The Shia rejected the authority of the Umayyad dynasty, claiming that the Umayyads were usurpers and demanding that leadership go to the direct descendants of the Prophet. The Shia rose in the city of al-Kufah (south of Karbala, in present-day Iraq) and, in 680 A.D., invited Ali’s son Hussein to join them and be their leader. Hussein left Mecca with his family and supporters, but was met at Karbala by an army sent by the Umayyad caliph Yazid. Hussein mustered 72 fighting men against the opposing force of thousands. The result was a massacre in which Hussein and all of his family and supporters were killed and then mutilated.
In observance of the massacre, Sunni and Shia alike regard the 10th day of the month of Muharram as “Ashura,” a day of mourning.

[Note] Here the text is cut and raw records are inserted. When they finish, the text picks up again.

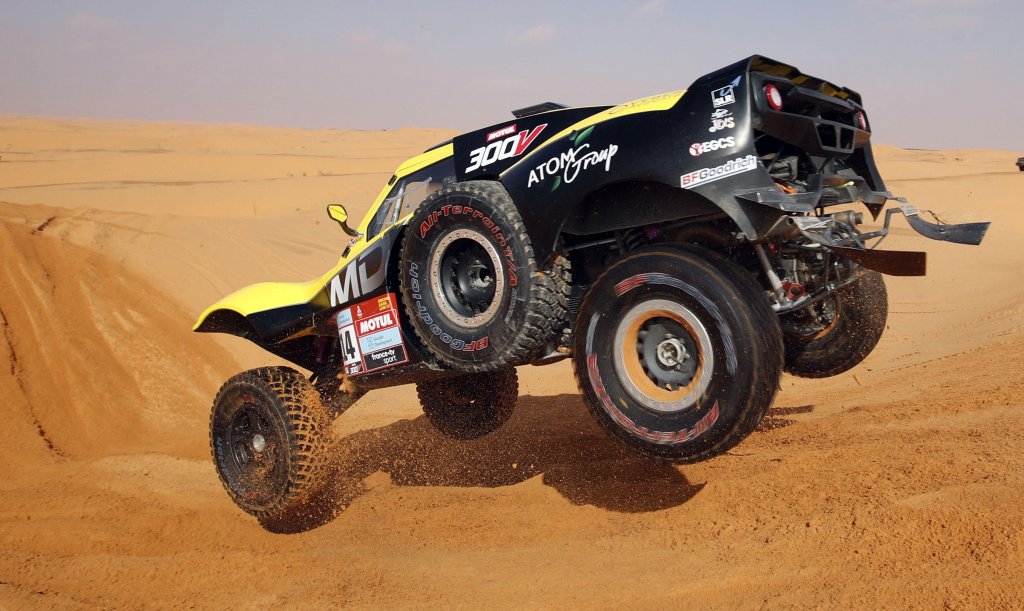 Dakar Rally 2022_1_4 (4).jpg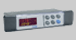 Digital controller for medium and low temperature with defrost management - XW740L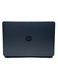 Ноутбук HP ProBook 455 G1 TN AMD A-Series (A4-4300M) 16 Гб 128 Гб SSD Клас B (NTB0426405) Б/В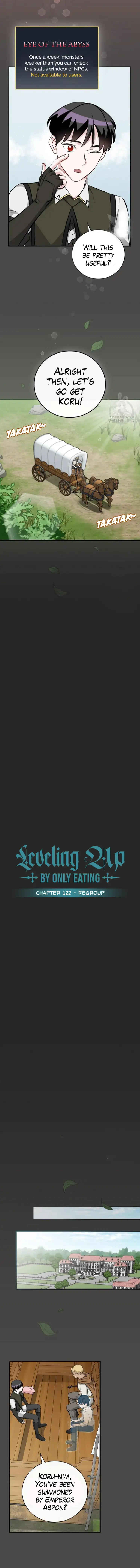 Page 2 of Chapter 122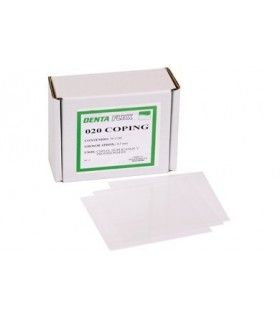 COPYING 0.5mm (.020)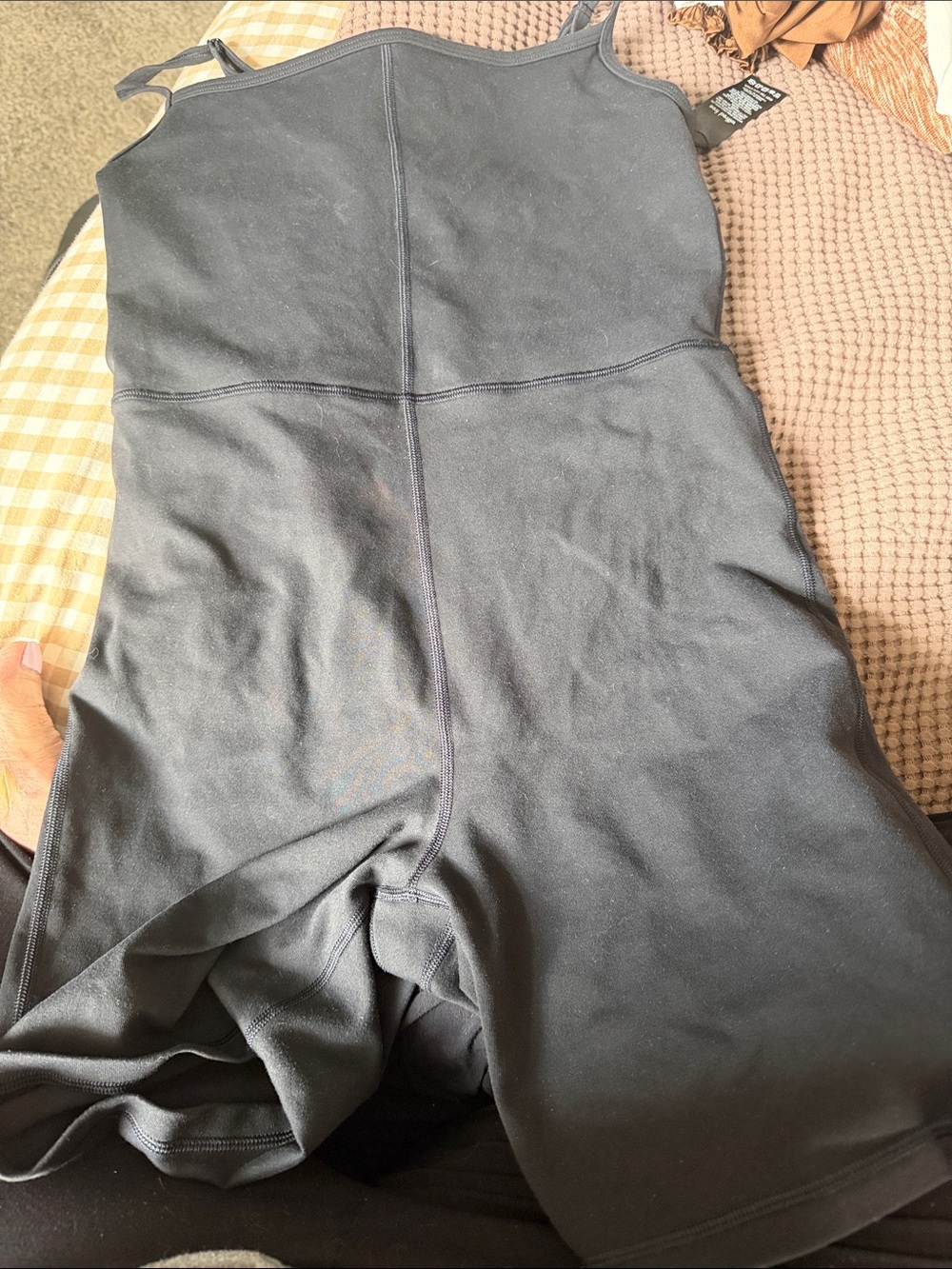 Aritzia Wilfred free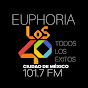 Euphoria 40 MX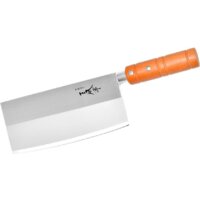 Fuji Cutlery FA-70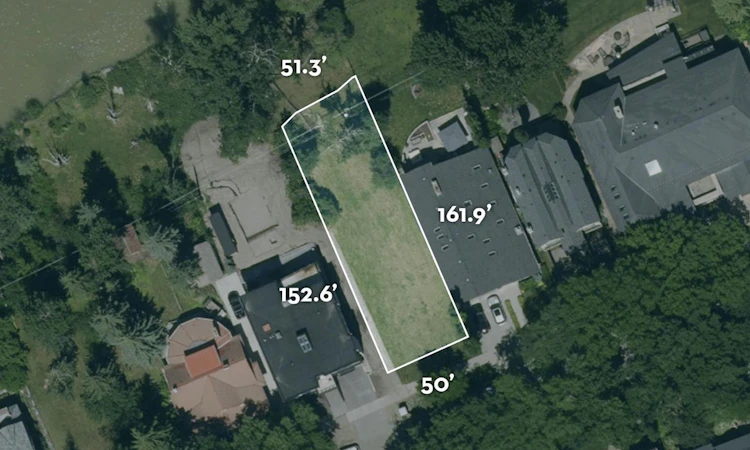 1132 Riverdale Avenue SW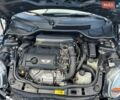 Черный Мини Купер, объемом двигателя 1.6 л и пробегом 120 тыс. км за 11900 $, фото 7 на Automoto.ua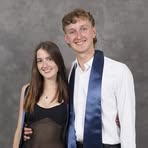 Jamie Callaghan - Facebook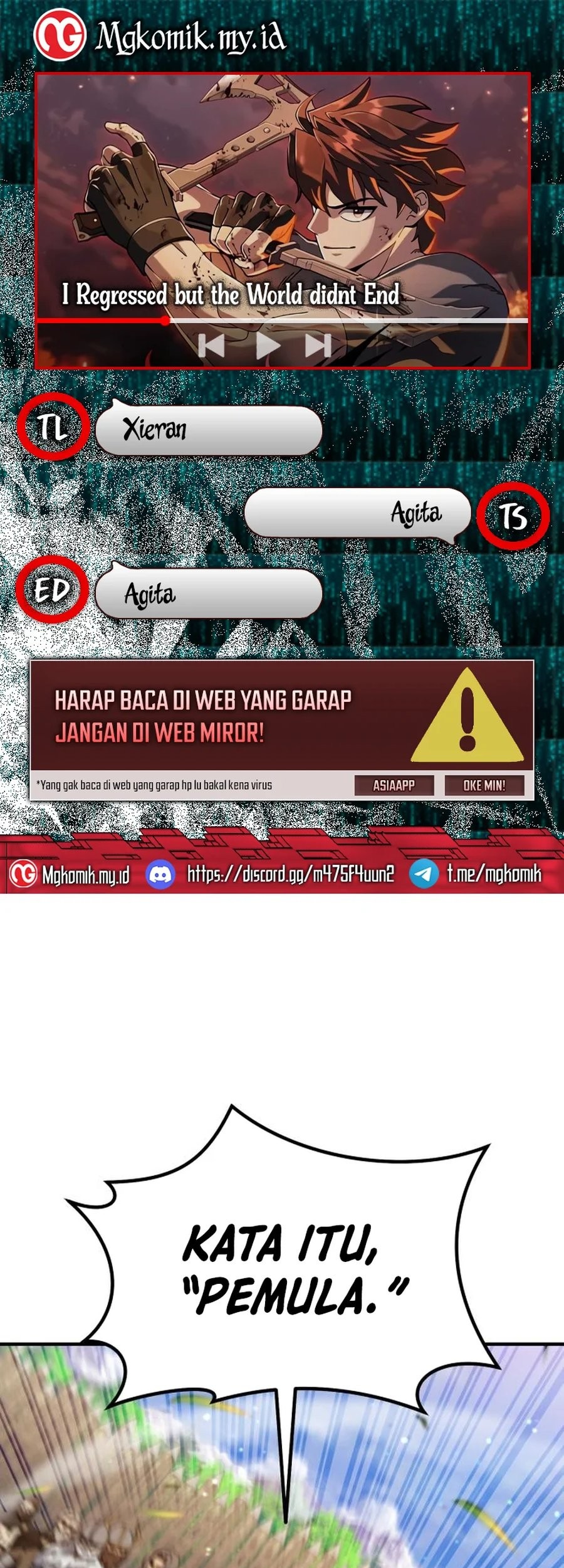 Chapter 9 - halaman 2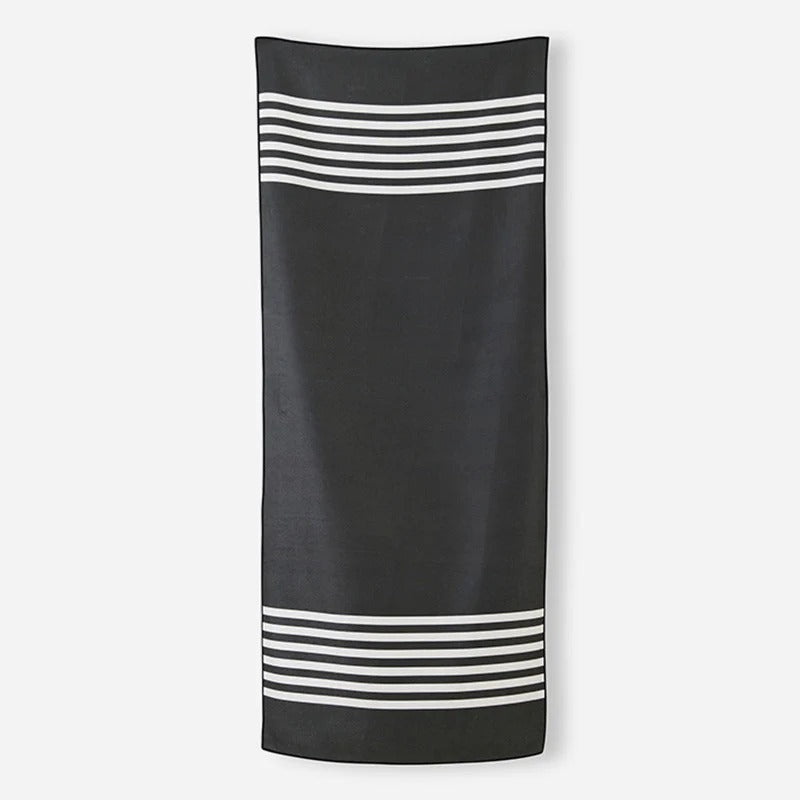 Original Towel - Stripes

For the Sunni the day is merely an optionally observed fast, but for the Shia, it is among the most significant days of observance. The massacre of Hussein added a significant passion element to the Shia tradition, similar to the Christian reverence for Christ’s passion on the cross. Hussein, to the Shia, is a martyr of resistance in the face of oppression, while Yazid represents that oppression. As an often-persecuted minority throughout history, the Shia made these concepts central to their tradition.
Ashura is marked with passion plays and public expressions of grief. All Shia who are capable are expected to make a pilgrimage to Karbala, where Hussein is buried, at some point in their lives to mark the day of Ashura.